Back on the issue of representation:

 

Negative/Integer Numbers:

 

For practical reasons it is also nice to be able to represent negative numbers in a computer. When we write on a piece of paper this is fairly “easy”. Just put a minus in front of the number, spend one or two years in primary school to learn how to manipulate these numbers, and voilà, we are done. Unfortunately, this is not going to work for a computer. As we said, a computer only “knows” 0 and 1 nothing else. Hence, if we are to represent minus we have to use a binary quantity.

 

One easy to understand but practically very inconvenient way of representing numbers is the sign-magnitude representation.
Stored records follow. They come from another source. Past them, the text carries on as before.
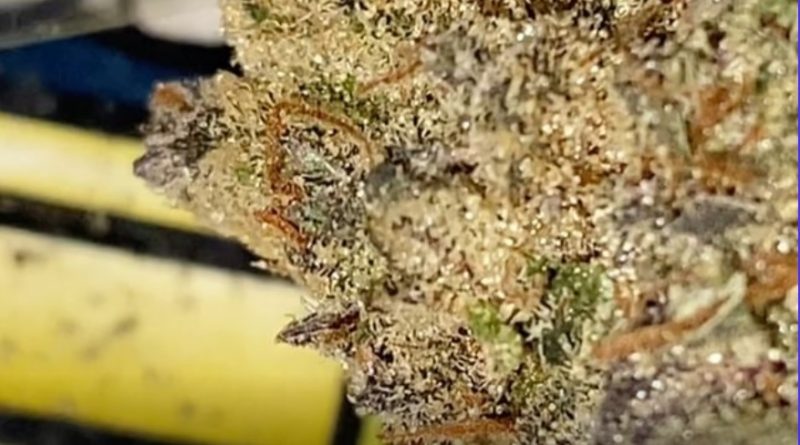 white truffles by clear vision farms strain review by burlandoelsystema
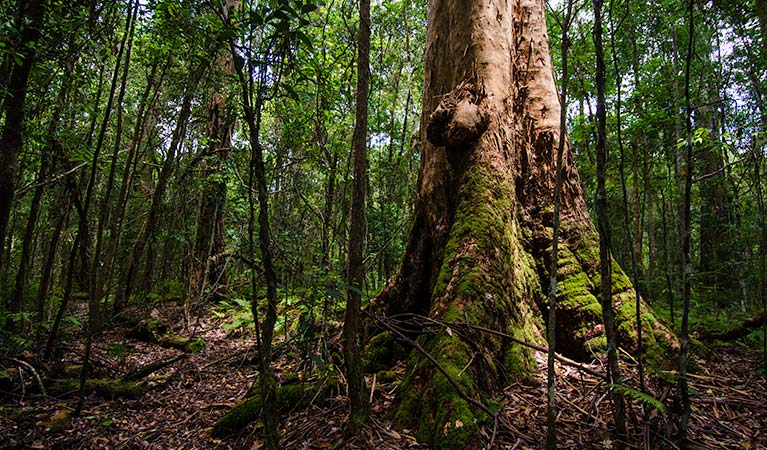 Rocky Crossing, Barrington Tops National Park. Photo: John Spencer
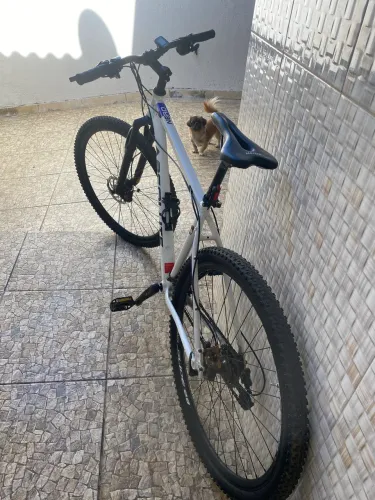 Bicicleta Absolute Aro 29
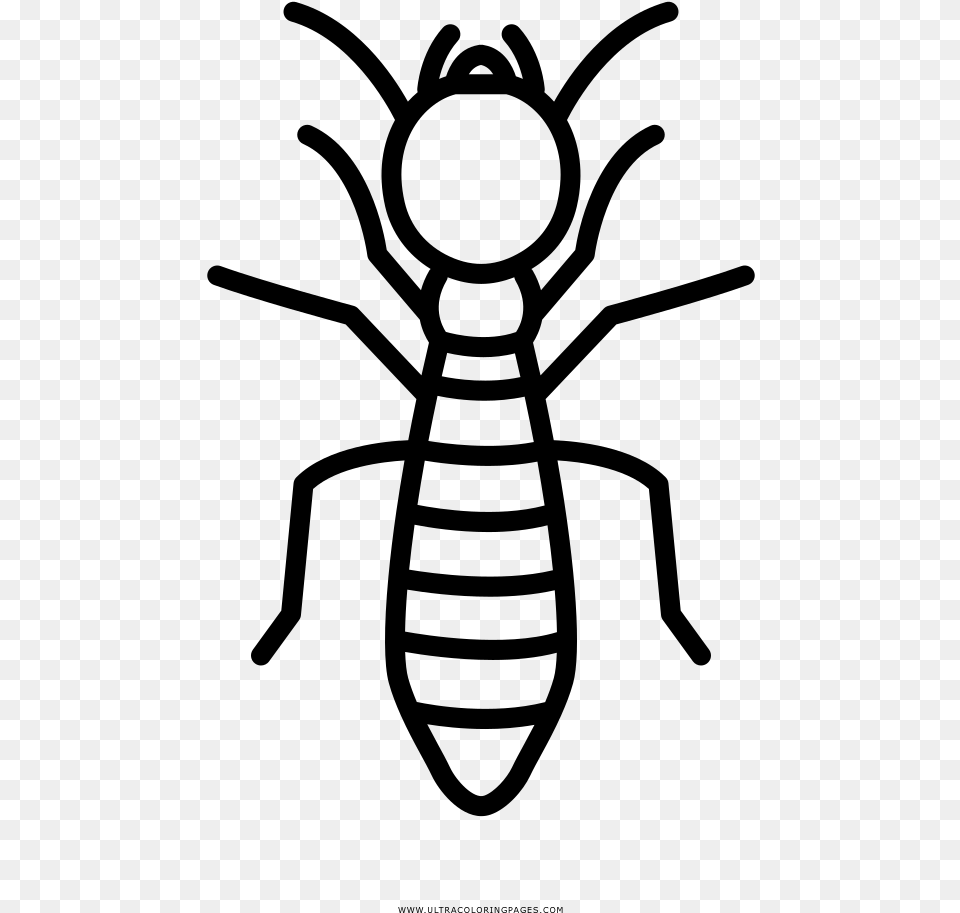Termite Coloring, Gray Png Image
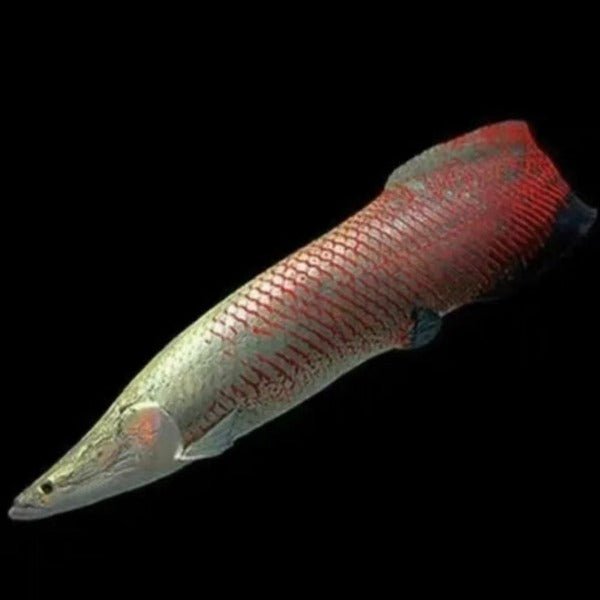 巨骨舌魚 / 紅尾海象 ( Arapaima gigas ) - 森流 GreenFlow - 動植物造景專門店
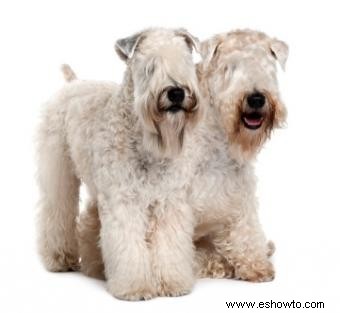 Cómo cepillar a un Wheaten Terrier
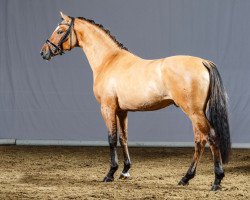 Deckhengst Der Stern (Deutsches Reitpony, 2012, von Dimension AT NRW)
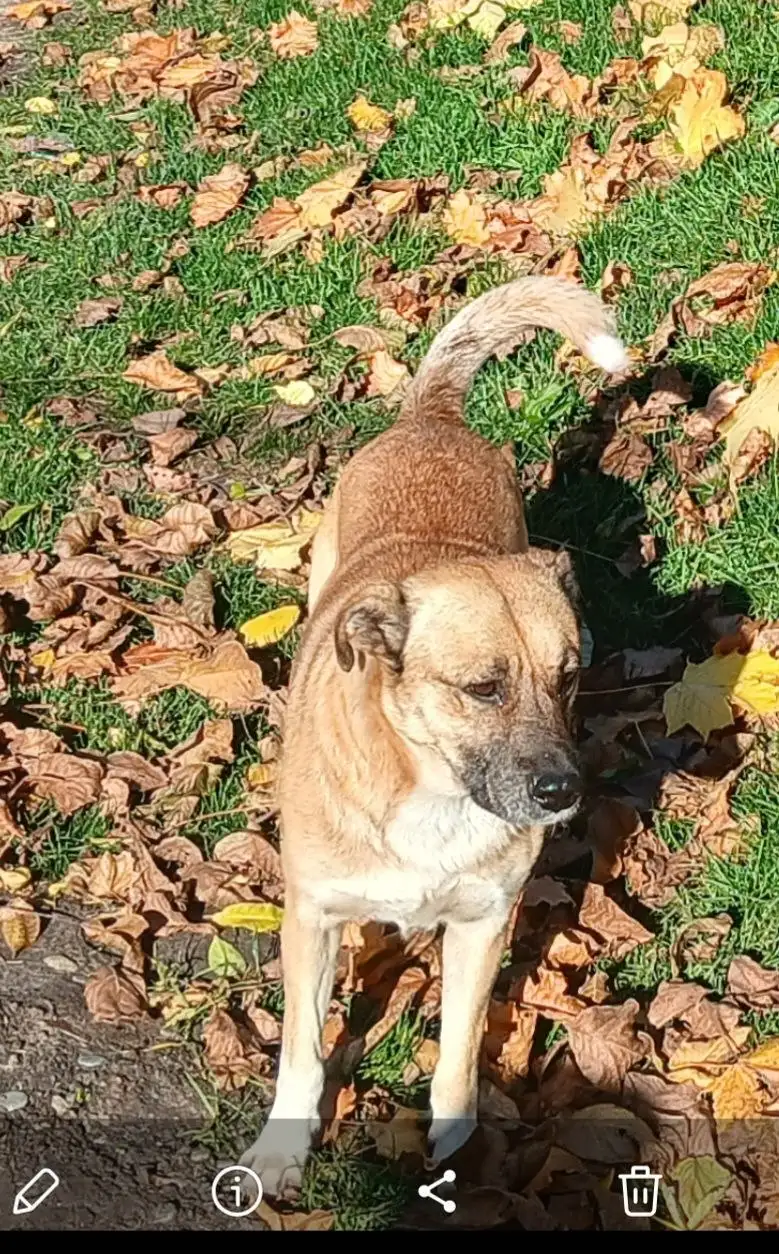 Помощь в поиске домашнего питомца в Михайловске - Животные в Михайловск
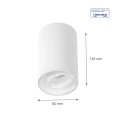Downlight regulowany CHLOE biała Ø 8cm GU10 Spectrum SLIP004008 | 5902650587328 noxbox lampynox www.lampynox.pl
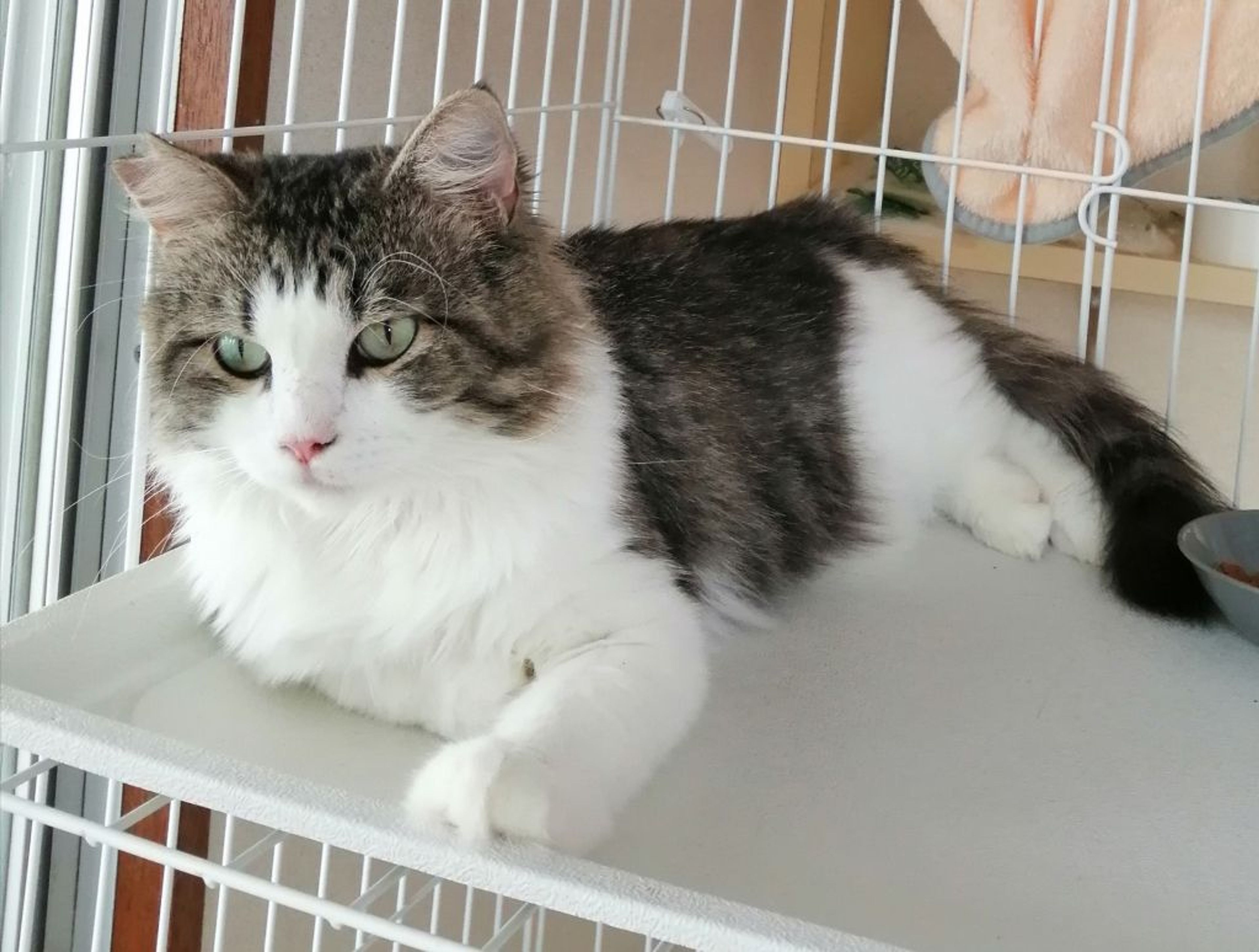 pet-image-3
We only discuss because a variation of it is used for representing approximations of real numbers (more on this later). In the sign-magnitude representation the most significant bit is the sign and the rest is the weight of the number. Assuming, say a 5-bit signed number we have a representation of “S W3 W2 W1 W0” and the number is (-1)^S x W3x2^3+W2x2^2+W1x2+W0. Note that (-1)^0 = 1 and (-1)^1 = (-1). So, 10010 is -2 and 00010 is 2. While fairly straightforward for us humans, it turns out that the circuits required to do addition using this representation are quite complicated (we have to check the signs of the two numbers – if they are of the same sign, we can perform addition. Otherwise, we have to perform subtraction in which case, we have to worry about which number has the highest magnitude/absolute value. The circuits ends up implementing a if-then-else statement in hardware which is not very efficient nor fast. So, this representation is not commonly used in practice.

 

The representation that is used in practice is 2’s complement. The easiest way to understand 2’s complement is to start by taking for granted that a typical simple adder does modulo addition (something we mentioned before). So, say I have a 3 bit adder and I add 3 and 5. 3 in three bits is 011 and 5 is 101. The result is going to be 1000 but because there are only three bits in the adder outcome we are going to get just 000. So, as soon as we exceeded the maximum of 7, our adder wrapped to 0 and started from there. Similarly adding 3 and 6 produces 001. Take this for granted for the time being.

 

So, now that we know how our circuits work, let’s try to find a representation of negative numbers that would produce the expected outcome for signed numbers. Returning to fundamentals, recall that given a number A its negative –A is defined as a number such that A+(-A)=0  (told you, we will be using high-caliber math here). So, why not define –A to be that number that when added to A produces 0 in modulo addition? For this it’s convenient to draw a circle with the numbers on it (we’ll do this in class). Turns out that for 3-bit numbers we can define -1 to be what otherwise we would consider as 7 if it was a physical number. This is because 001+111 results in 000. Similarly, -2 is 110, -3 is 101. There are not enough digits to represent 4, but we are able to represent -4 using 100 (this is convenient as now all negative numbers have a most significant bit of 1 whereas all positive numbers have an MSB – Most Significant Bit - of 0). With 3 bits we are able to represent integers in the region of -4 through +3. In general with n bits we can represent numbers in the region of -2^(n-1) through +2^(n-1)-1. Notice that there is an asymmetry as we are able to represent 2^(n-1)-1 positive numbers and 2^(n-1) negative numbers. This is because one combination is used for zero.

 

The nice thing about 2’s complement numbers is that we can manipulate them directly using a regular adder.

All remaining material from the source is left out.